Racial differences in achievement are a persistent worry for the Left, which claims they are caused by racism. However, in many societies, minority groups do better than the majority, even when they face overt hostility. Lebanese merchants are more prosperous than indigenous West Africans, the Chinese dominate markets in Indonesia and Malaysia, and Ashkenazi Jews have been successful nearly everywhere they live. In some of these countries, affirmative action for the majority group and even angry, violent mobs have not held minorities back.

Even if we assume the United States is riddled with racism, it does not seem to be an obstacle to immigrants from India. They and their children have achieved high levels of success–and not just here but around the world. They often do better than white natives, and many Westerners now see them as a model minority, just like East Asians.

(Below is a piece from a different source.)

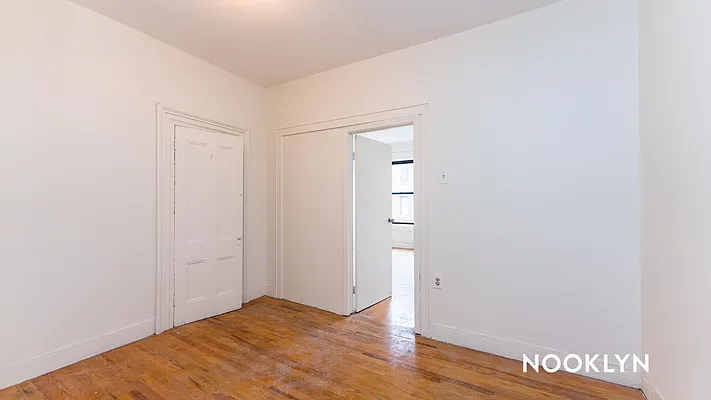 Rented by Nooklyn NYC LLC | media 7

Indians are roughly 1 percent of the American population, but are about 3 percent of engineers, 7 percent of IT workers, and 8 percent of doctors and surgeons. Indians own many convenience stores, and they own over half of all American motels. Approximately 70 percent have at least a four-year degree–a figure that is 2.5 times the rate for the overall US population. Indians have a median household income that is nearly twice the white median, and their incarceration rates are lower. NFL players refuse to stand for the national anthem because they claim the “country oppresses . . . people of color.” Many Indians are just as dark, or even darker than Colin Kaepernick, but they seem to have escaped oppression.

Indians are often excluded from affirmative action. Asians are overrepresented at many colleges, despite many being rejected in favor of blacks and Hispanics. American politicians and courts have extended the “benefits” of reverse racism to South Asians, just as they have to whites.

Indians have been elected to high office in white constituencies. The first Indian in Congress was Dalip Singh Saund, elected in 1956 in a California district that was overwhelmingly white. He served three terms, and stepped down only because he had a stroke. He was a Punjabi Sikh who had lived in the United States for many years before becoming a citizen only after passage of the Luce-Cellar Act of 1946, which first gave Indians the right to naturalize. At that time there were only a few thousand Indians living in America.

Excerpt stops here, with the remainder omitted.